Size göre de tuhaf olmadı mı?

                                 ***

Günün en önemli haberi ise Gelik’ten geldi. Maaşlarını alamayan işçiler ocaktan çıkmayarak eylem yaptıç. Hükümet, Soma ve Ermenek faciası sonrasında toplumun gazını almak için özel madenlerde çalışan işçilere en az iki asgari ücret ve hafta sonu tatili hakkı tanıyordu… Kim buna itiraz edebilirdi ki? Ekmeğini kelle koltukta kazanan insanlar için bu azdı bile… Ama kötü olan, hükümetin bu hamlesi, apar topar çıkarılmış, altı boş, hiçbir hazırlığı olmayan bir projeydi…

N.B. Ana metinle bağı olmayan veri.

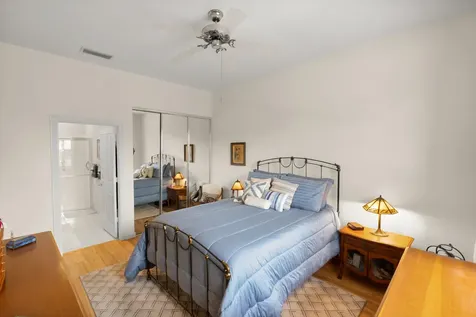 2013 Bedford Drive Palm Beach Gardens FL 33403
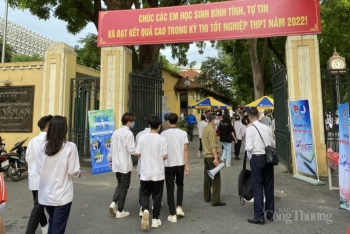 Thi tốt nghiệp THPT 2022: Gần 1 triệu thí sinh bước vào ngày thi đầu tiên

Tüm sorunları halının altına süpürmek yerine “torba”ya atan hükümet, aslında kendi bacağına sıktığının farkında değildi… Bakın Torba Yasa sonrası yüzlerce madenci işsiz kaldı… İnsanlar artık düzenli maaş alamıyor… Mart sonu gelmeden birçok maden şirketinin ücretsiz izin vererek işçileri çıkarması bekleniyor…

Şimdi oturup düşünmek lazım… Torba Yasa, Zonguldak için iyi mi oldu kötü mü oldu?